- **Records**:

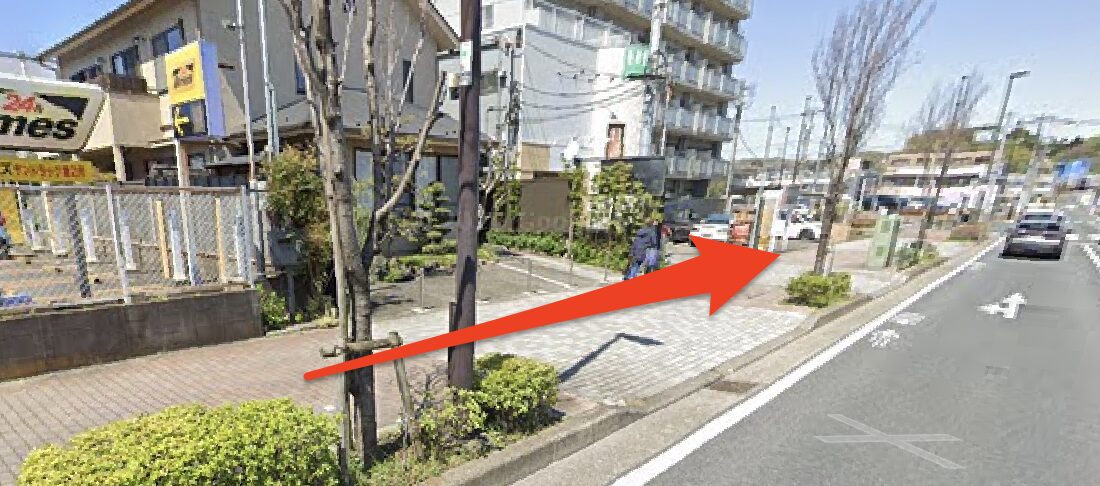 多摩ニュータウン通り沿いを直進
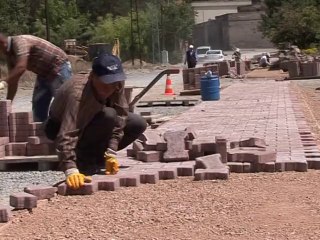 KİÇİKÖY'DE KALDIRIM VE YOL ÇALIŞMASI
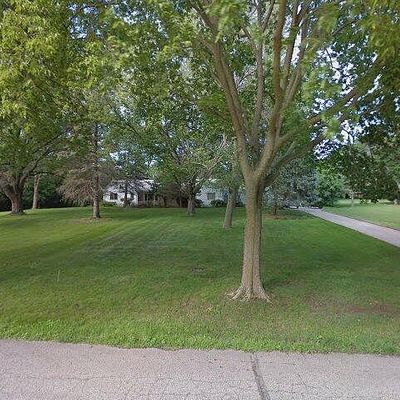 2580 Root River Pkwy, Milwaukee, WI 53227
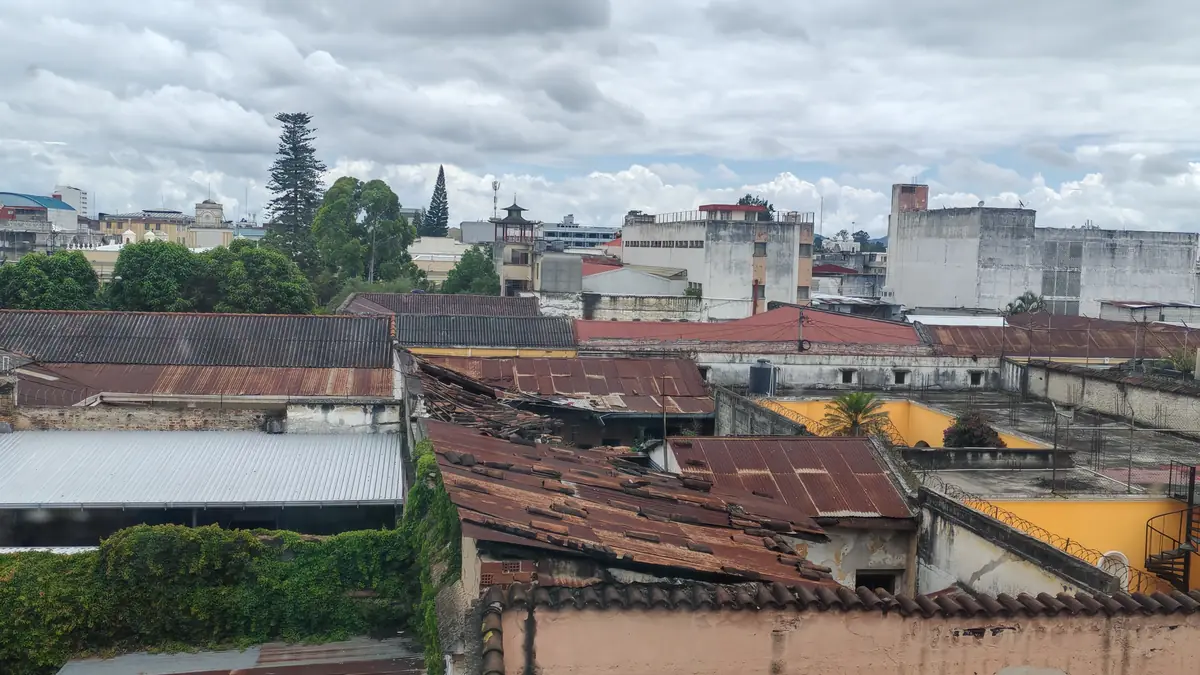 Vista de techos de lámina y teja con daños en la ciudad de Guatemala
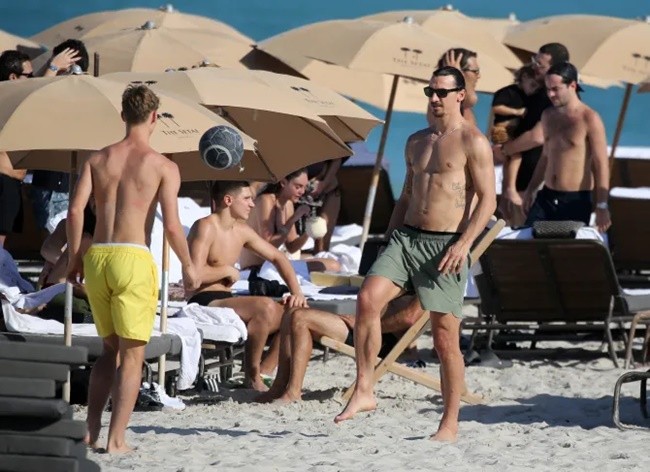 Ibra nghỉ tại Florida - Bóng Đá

- **What the exercise asks**:
Transcribe all entries above exactly. Drop the pictures.

- **Task result**:
 多摩ニュータウン通り沿いを直進
 KİÇİKÖY'DE KALDIRIM VE YOL ÇALIŞMASI
 2580 Root River Pkwy, Milwaukee, WI 53227
 Vista de techos de lámina y teja con daños en la ciudad de Guatemala
 Ibra nghỉ tại Florida - Bóng Đá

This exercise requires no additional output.